Новый мотострелковый взвод состоит из трех отделений по семь солдат без штаба взвода. Только командир взвода не входит в состав одного из отделений, а первое отделение возглавляет заместитель командира взвода.

Отряд из семи человек означает, что на каждую машину БМП или БТР приходится четыре свободных мотострелка, не считая экипажа из трех человек.

Но многие из этих отрядов состоят только из пяти или шести солдат. На практике это означает, что во многих российских мотострелковых отделениях солдат хватает только для управления машинами, но не для того, чтобы сесть и сражаться в пешем строю.

Действительно, бывали случаи, когда российские БТР и БМП имели только экипаж из трех человек, вообще без мотострелков.

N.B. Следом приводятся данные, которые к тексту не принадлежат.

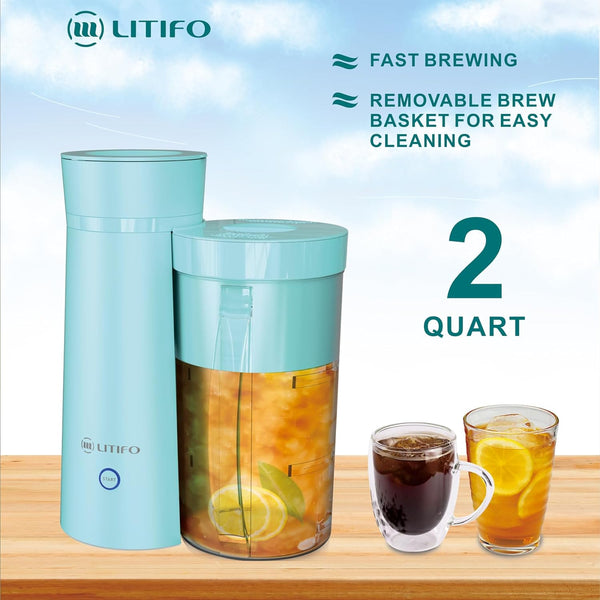 LITIFO Iced Tea Maker and Iced Coffee Maker Brewing System with 2-quart Pitcher, Perfect For Fruit Infused Tea, Lemonade, Flavored Water (Light Green)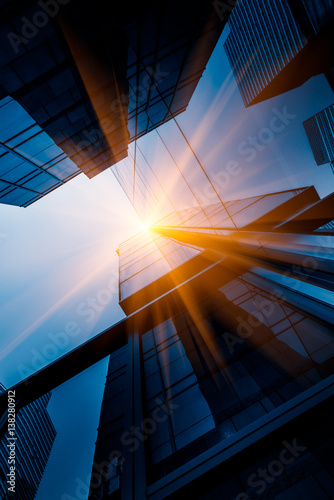 Photography Skyscrapers from a low angle view in Shanghai,China.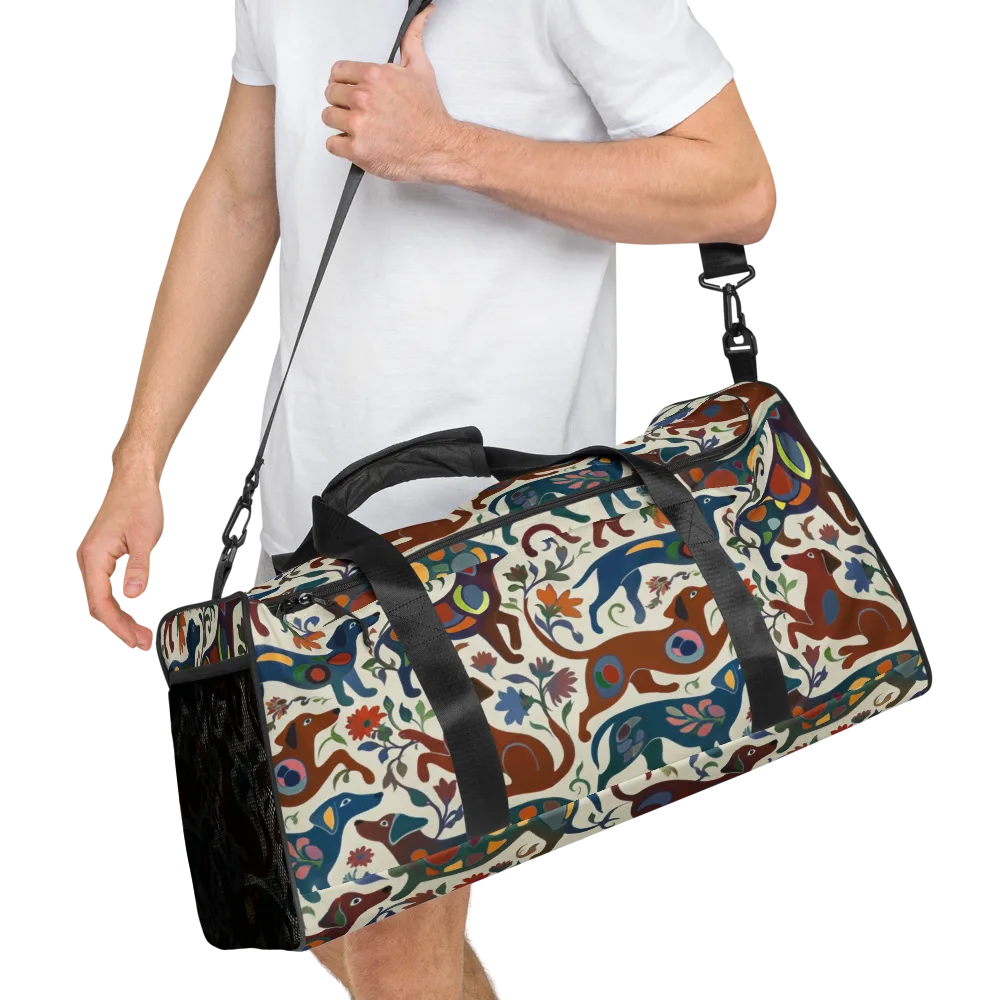 Folk Hounds on Duffle Bag — Right Front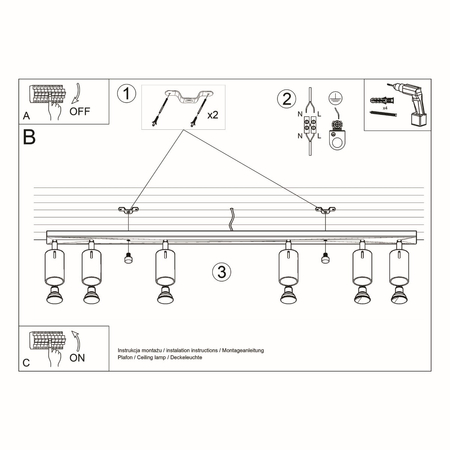 Sollux Lighting Plafon RING 6L chrom SL.0732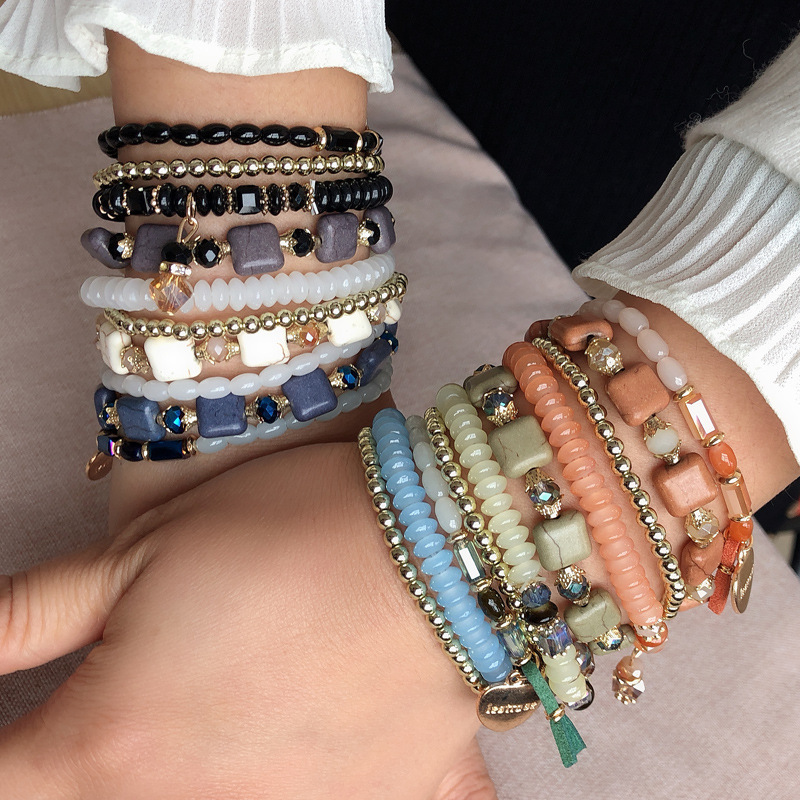 

Turquoise handmade beads crystal bracelet women's multi-layer elastic rope bracelet bracelet accessories
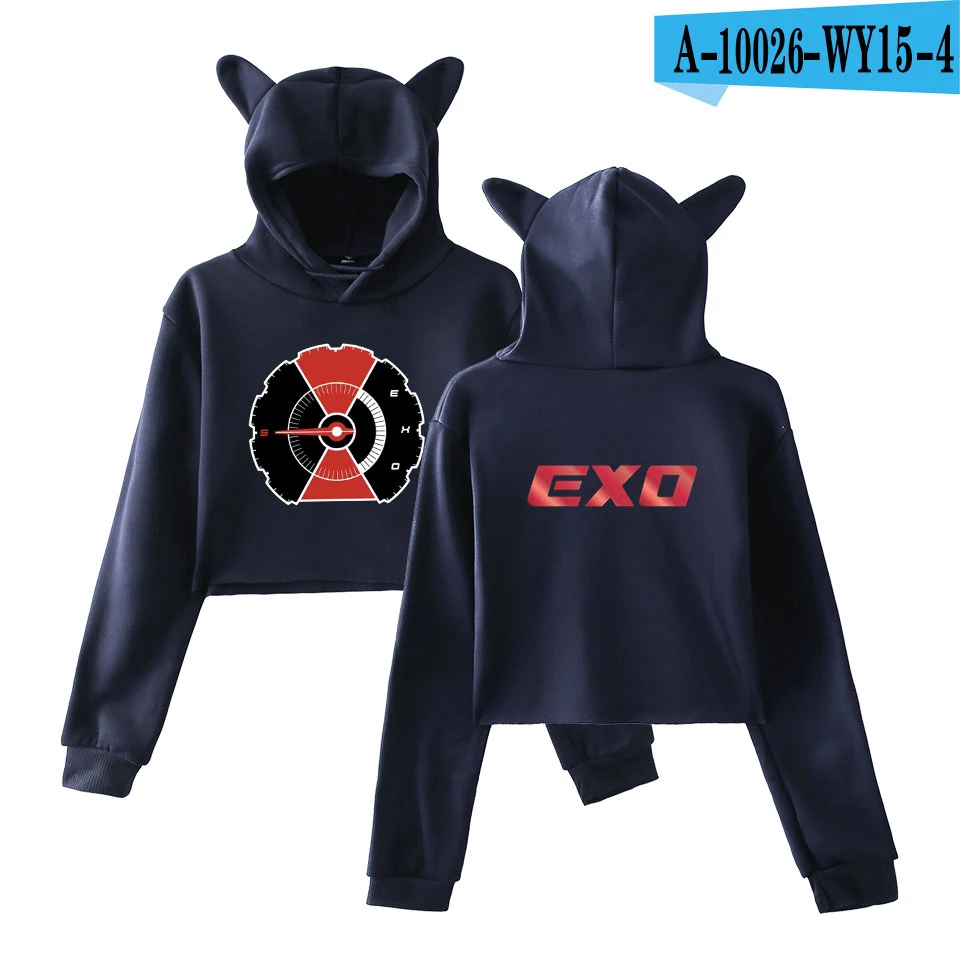 EXO с принтом, в стиле KPOP кошачьими ушками укороченный топ толстовки Для женщин с длинными рукавами Kawaii куртка с капюшоном EXO Повседневное сексуальная одежда Прямая - Цвет: navy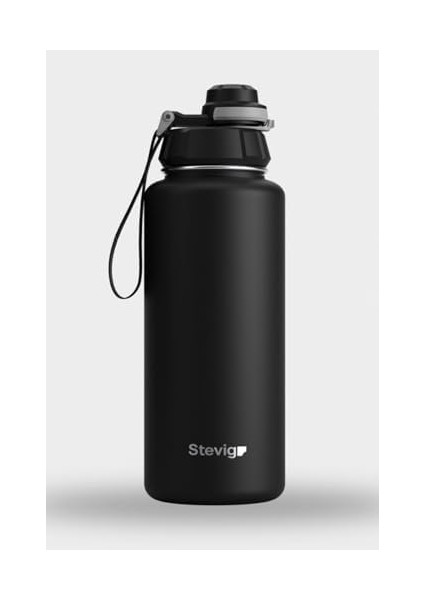 1 Hand Leak-Proof Sızdırmaz Çelik Termos 1000 ml Black ST-210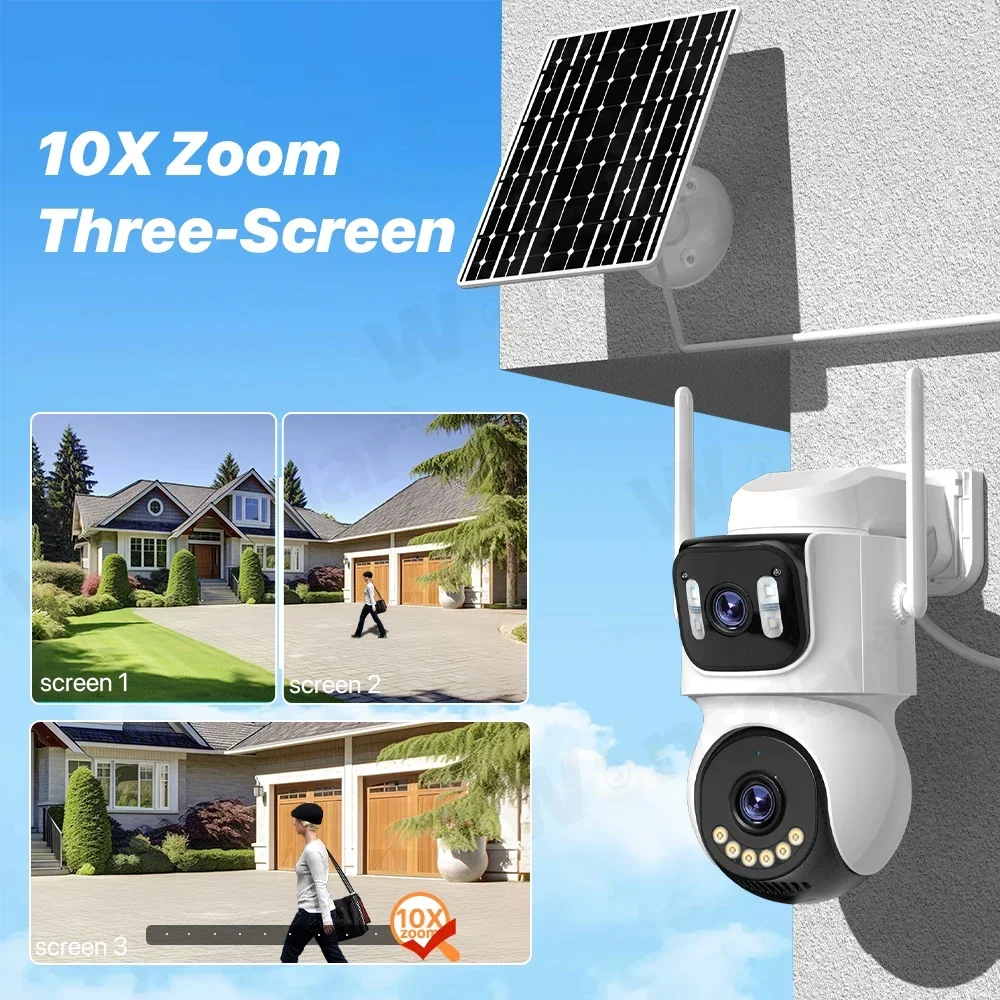 

4G Sim Solar Camera 10X Zoom 24H Record Outdoor Auto Track 9W Solar Panel 10000mAh Battery iCSee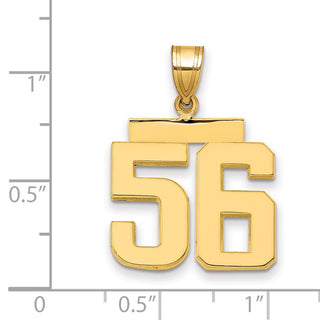 14k Yellow Gold Medium Polished Number 56 Pendant MP56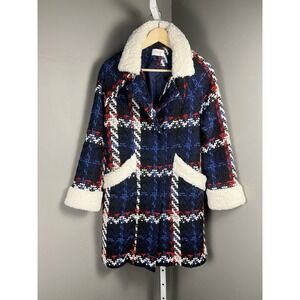 Savida Ireland Tweed Plaid Coat with Sherpa Trim 38 US S Cozy Textured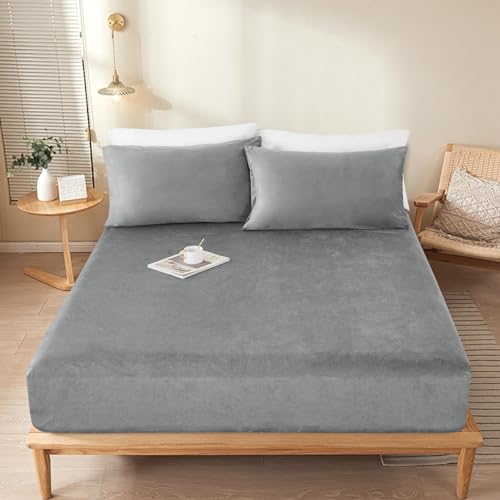 Sedefen Warme Spannbettlaken 140x200cm Grau Hellgrau Winter Flannell Bettlaken Plüsch Flauschige Cashmere Touch Boxspringbett Spannbetttuch für 25 bis 30cm Matraze von Sedefen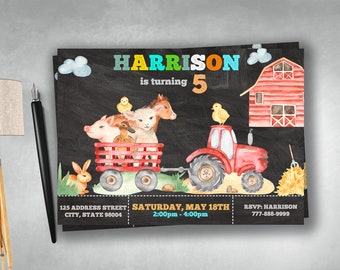 Farm Animals Birthday Invitation: Barnyard Party Invite (Digital Download)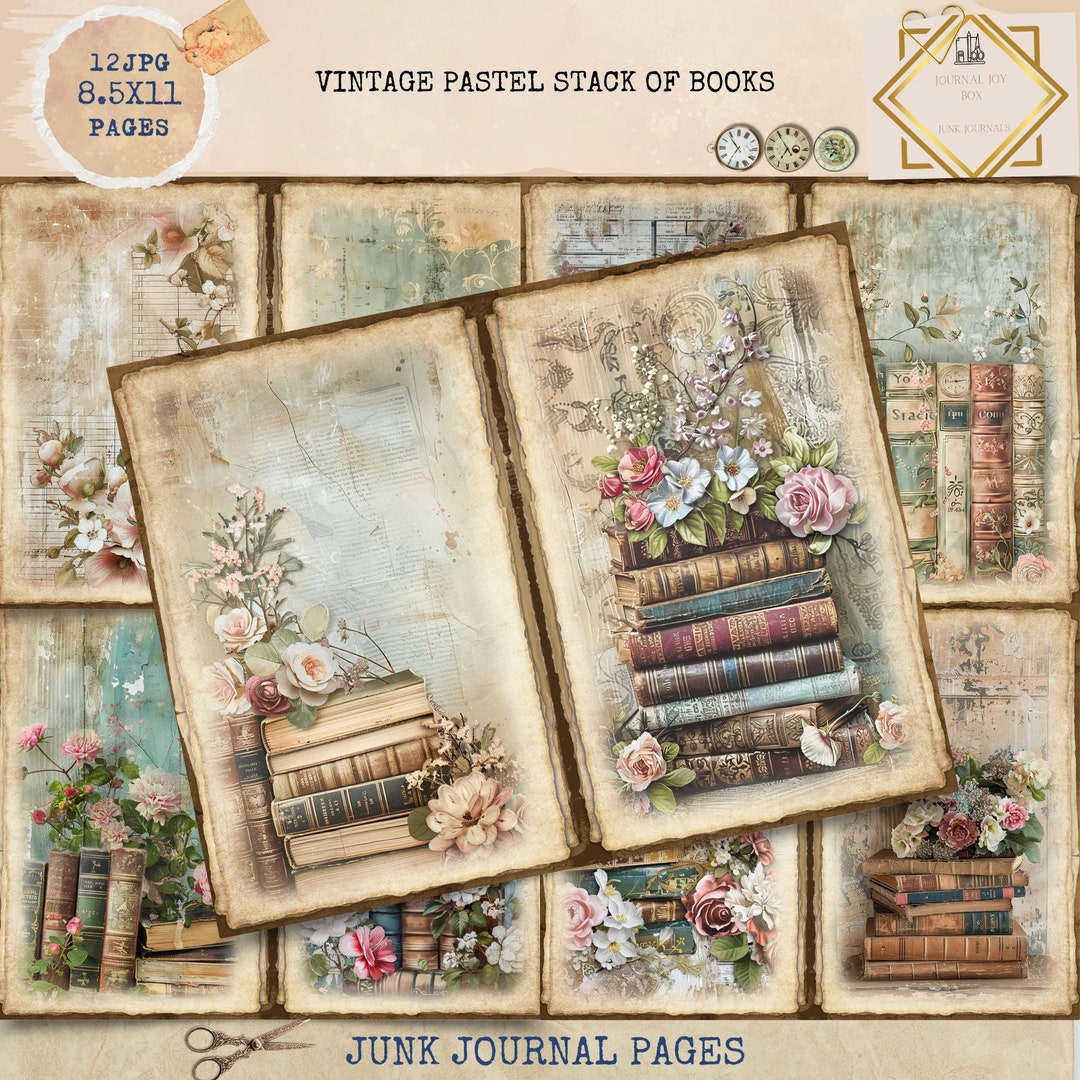 Junk Journal Printable, Vintage Pastel Stack of Books Pages, Books Junk ...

В результате всех этих сокращений и проблем с комплектованием, многие российские взводы, развернутые в Украине, по размеру приближаются к размеру отряда морской пехоты США, который в настоящее время составляет 13 человек с планами увеличения до 15 человек, а многие российские батальоны по размеру равны роте морской пехоты, усиленной 182 морскими пехотинцами и моряками, плюс вспомогательные подразделения и т.д.

С учетом приданных подразделений, численность многих из этих батальонных тактических групп, базирующихся на мотострелковом батальоне, составляет от 400 до 600 человек, что значительно ниже цифры в 700-900 человек, о которой сообщали российские официальные лица.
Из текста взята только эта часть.